GEMM with Collective Operations

GEMM with Collective Operations

This program implements the SUMMA matrix multiplication algorithm and serves as an example of using the collectives_2d library together with SdkRuntime and the memcpy framework.

The host code first copies tiles of A and B onto their corresponding PEs. It then uses the remote procedure call (RPC) mechanism to launch the function main, at which point the GEMM computation begins.

We perform GEMM in P many steps on a grid of P x P processors. At each step i, PEs in the ith column broadcast their home tiles of A to other PEs in their row, and PEs in the ith row broadcast their home tiles of B to other PEs in their column.
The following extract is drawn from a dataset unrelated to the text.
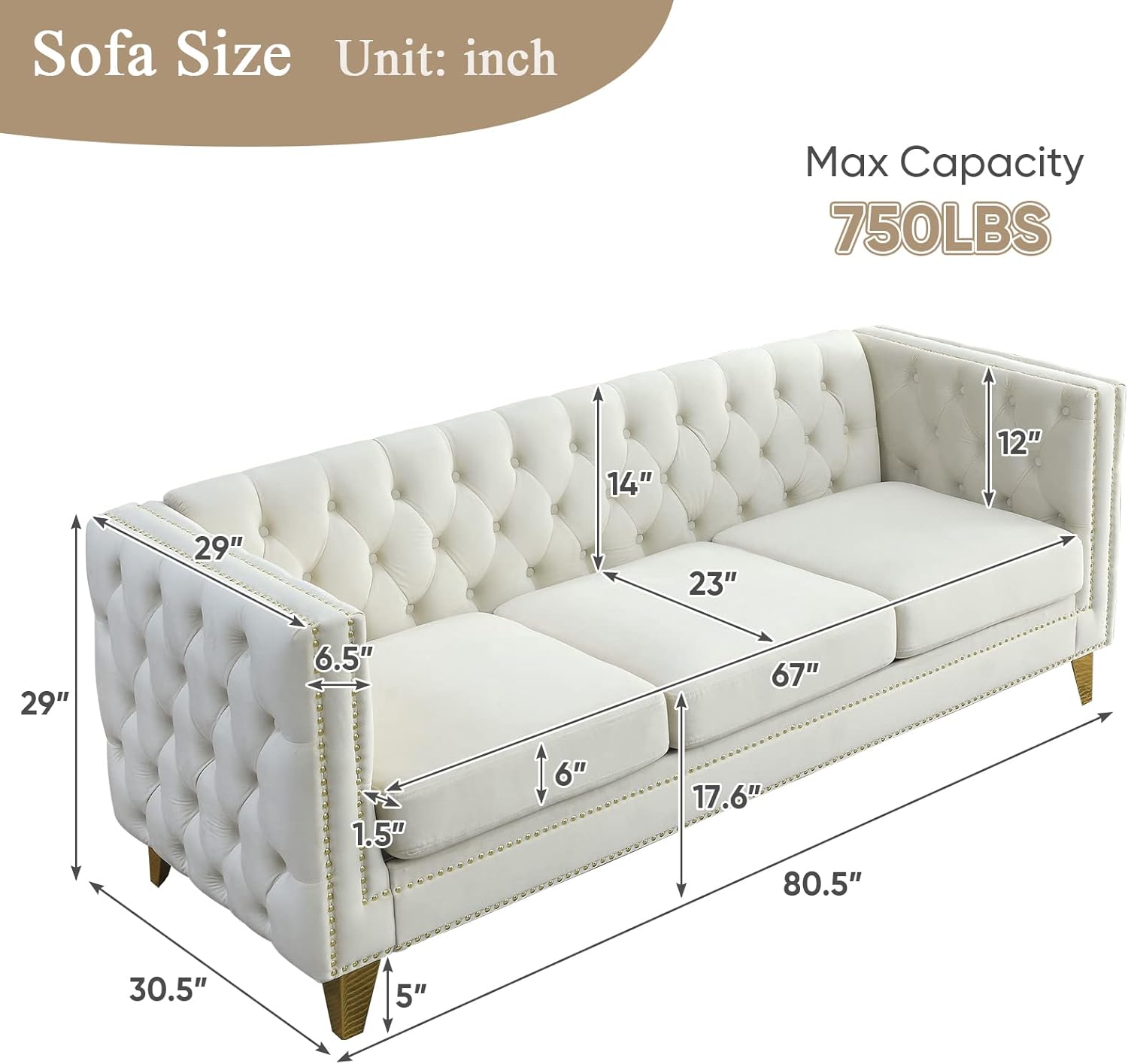 Antetek Comfy Upholstered Couches for Living Room, 80-inch Modern Button Tufted 3-Seater Sofa w/Square Arm, 4 Golden Metal Legs and Gold Nail Heads for Living Room, Office, Apartment, Beige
Once both broadcasts are complete as determined by x_done() and y_done() both being activated, each PE computes C_tile += Ap * Bp where Ap and Bp are pointers to either the PE’s home tile or the tile it received through broadcasts.

When computation is complete the host copies back the resulting tiles of C from the device.

layout.csl

// Program rectangle is P x P
param P : u16;

// Matrix dimensions on one PE
param Mt : u16;
param Kt : u16;
param Nt : u16;

const LAUNCH : color = @get_color(8);
const EXIT : color   = @get_color(9);

const memcpy = @import_module( "<memcpy_multi/get_params>", .{
    .width = P,
    .height = P
});

const c2d = @import_module("<collectives_2d/params>");

layout {
  @set_rectangle(P, P);

  var Px: u16 = 0;
  while (Px < P) : (Px += 1) {
    var Py: u16 = 0;
    const memcpy_params = memcpy.get_params(Px);
    while (Py < P) : (Py += 1) {
      const c2d_params = c2d.get_params(Px, Py, .{
        .x_colors = .{ @get_color(0), @get_color(1), @get_color(2), @get_color(3) },
        .y_colors = .{ @get_color(4), @get_color(5), @get_color(6), @get_color(7) },
      });
      @set_tile_code(Px, Py, "pe.csl", .{ .c2d_params = c2d_params, .memcpy_params = memcpy_params,
        .Mt = Mt, .Kt = Kt, .Nt = Nt, .LAUNCH = LAUNCH, .EXIT = EXIT });
    }
  }

  // export symbol names
  @export_name("A", [*]f32, true);
  @export_name("B", [*]f32, true);
  @export_name("C", [*]f32, true);
  @export_name("main", fn()void);
}

pe.csl

// This program implements the SUMMA matrix multiplication algorithm and is
// written as an example to show how to use the `collectives_2d` library.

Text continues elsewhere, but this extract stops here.